>>>

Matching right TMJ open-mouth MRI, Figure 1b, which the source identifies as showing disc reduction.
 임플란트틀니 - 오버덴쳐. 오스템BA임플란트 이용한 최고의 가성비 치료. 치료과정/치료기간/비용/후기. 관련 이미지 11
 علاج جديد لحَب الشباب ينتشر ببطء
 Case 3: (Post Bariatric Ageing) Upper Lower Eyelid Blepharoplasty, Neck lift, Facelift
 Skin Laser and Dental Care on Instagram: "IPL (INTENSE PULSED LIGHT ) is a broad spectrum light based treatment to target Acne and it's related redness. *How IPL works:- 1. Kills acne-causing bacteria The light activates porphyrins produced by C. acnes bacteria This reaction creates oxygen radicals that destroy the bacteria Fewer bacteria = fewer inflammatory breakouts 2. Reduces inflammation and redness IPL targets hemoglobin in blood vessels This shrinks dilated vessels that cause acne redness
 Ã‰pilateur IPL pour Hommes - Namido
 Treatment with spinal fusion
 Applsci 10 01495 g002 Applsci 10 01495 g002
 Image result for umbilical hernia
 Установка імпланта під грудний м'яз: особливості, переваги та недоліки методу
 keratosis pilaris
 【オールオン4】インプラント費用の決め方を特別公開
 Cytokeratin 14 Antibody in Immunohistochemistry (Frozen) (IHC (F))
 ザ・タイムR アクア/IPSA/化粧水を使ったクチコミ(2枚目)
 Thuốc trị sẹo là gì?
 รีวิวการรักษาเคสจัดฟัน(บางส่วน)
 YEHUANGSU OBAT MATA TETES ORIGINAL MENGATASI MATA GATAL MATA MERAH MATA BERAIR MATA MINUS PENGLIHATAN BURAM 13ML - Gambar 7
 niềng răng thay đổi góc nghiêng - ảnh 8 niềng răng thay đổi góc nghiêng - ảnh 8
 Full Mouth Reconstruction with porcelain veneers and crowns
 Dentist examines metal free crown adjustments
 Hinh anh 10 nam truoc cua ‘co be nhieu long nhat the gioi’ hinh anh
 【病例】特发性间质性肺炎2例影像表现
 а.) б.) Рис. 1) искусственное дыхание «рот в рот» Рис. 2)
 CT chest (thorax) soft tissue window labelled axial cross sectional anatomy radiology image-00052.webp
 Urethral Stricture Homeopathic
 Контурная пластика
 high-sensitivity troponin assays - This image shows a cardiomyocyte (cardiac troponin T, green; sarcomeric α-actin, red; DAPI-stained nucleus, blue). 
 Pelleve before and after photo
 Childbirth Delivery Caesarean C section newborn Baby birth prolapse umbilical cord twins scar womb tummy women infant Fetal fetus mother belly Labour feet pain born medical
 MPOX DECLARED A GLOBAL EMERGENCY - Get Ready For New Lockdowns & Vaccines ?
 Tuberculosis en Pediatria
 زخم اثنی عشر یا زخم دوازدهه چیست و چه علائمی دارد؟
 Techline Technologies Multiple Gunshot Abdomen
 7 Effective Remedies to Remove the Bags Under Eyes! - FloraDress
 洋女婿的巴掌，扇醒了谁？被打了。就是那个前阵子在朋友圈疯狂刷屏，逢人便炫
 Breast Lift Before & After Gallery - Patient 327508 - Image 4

<<<

TASK DESCRIPTION: If a line of the data holds the string "umbilical", list it.

WRITTEN REPLY:
 Image result for umbilical hernia
 Childbirth Delivery Caesarean C section newborn Baby birth prolapse umbilical cord twins scar womb tummy women infant Fetal fetus mother belly Labour feet pain born medical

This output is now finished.